Managing Diabetes with Insulin
A doctor may prescribe insulin therapy to a diabetic if the diabetic’s body does not make enough insulin, or it can’t effectively use the insulin it does produce. All people with type 1 diabetes need to inject themselves with insulin one or more times every day. Many people with type 2 diabetes, and some women with gestational diabetes may also need daily insulin injections.
Insulin therapy regimen includes:
- the types of insulin taken
- when insulin is taken and
- how much insulin is taken
The body produces insulin, which is a hormone that helps convert food into energy. People with diabetes might need insulin injections either because they do not produce sufficient amounts of insulin in their bodies or they cannot properly use the insulin that they do produce properly, or both.

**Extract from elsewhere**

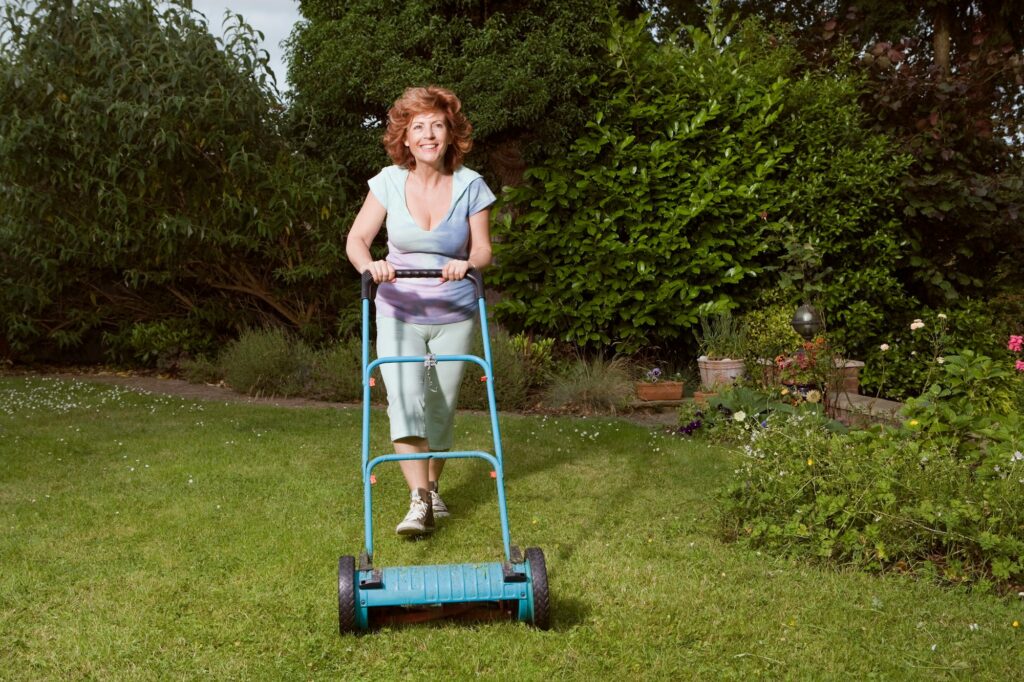 a reel mower mowing the lawn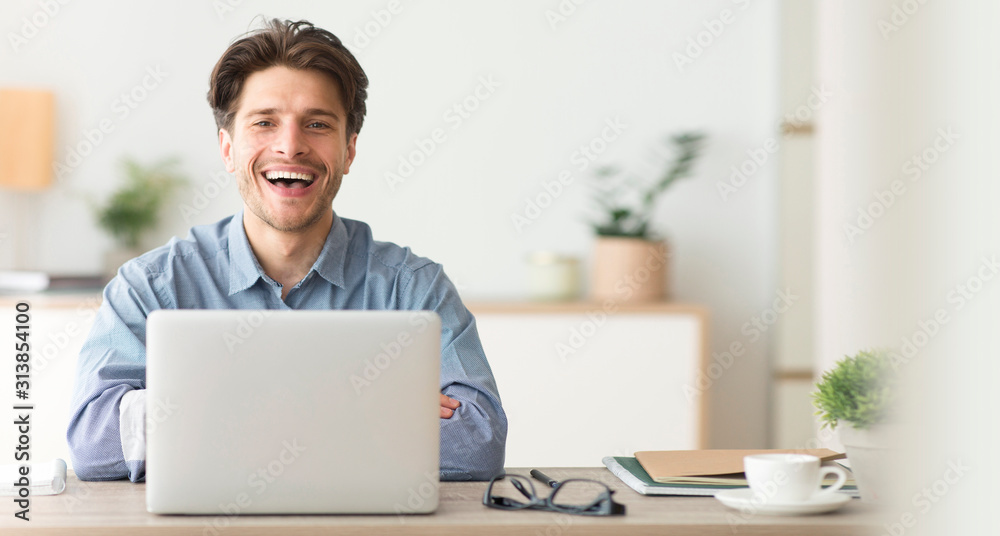 Happy Employee Smiling At Camera While Working On Laptop In Office - obrazy, fototapety, plakaty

Insulin injections have come a long way since they were first used to treat diabetes in the 1920s. There are different types of insulin to meet various needs and different ways to inject insulin. The insulin injection process itself has become easy and painless.
Insulin is like a key that opens up the locks on the body’s cells so that blood sugar can get inside and be used for energy. If the glucose can’t get into body cells, it builds up in the blood stream. If left untreated, high blood glucose can cause long-term complications.
Managing Diabetes with Pills
When diet and exercise no longer kep the diabetic’s blood glucose in target range, the doctor may recommend that the diabetic begin taking diabetes pills. Each type of pill works in a different way to lower blood sugar. Some pills work to help the body use glucose better. Others force the pancreas to make more insulin. Diabetic pills work to make the diabetic’s own insulin work better or to help the diabetic’s body make more insulin. Together with diet and exercise, pills may help bring blood glucose in to the target range.
Combination Therapy: Managing Diabetes with Pills and Injections
Treatment for type 2 diabetes focuses on keeping blood glucose under control. Type 2 diabetes is a progressive disease. Every year type 2 diabetics lose a portion of their ability to produce insulin. As this happens, a change in the diabetic’s treatment plan will be needed to keep blood glucose in control. The diabetes pill that worked in the past may no longer be effective because of the lack of insulin.
At this point the diabetic’s treatment plan might be changed to what is called “Combination Therapy.” With Combination Therapy adjustments are made to the diabetic’s diet, exercise, and medications. The diabetic might also start insulin therapy.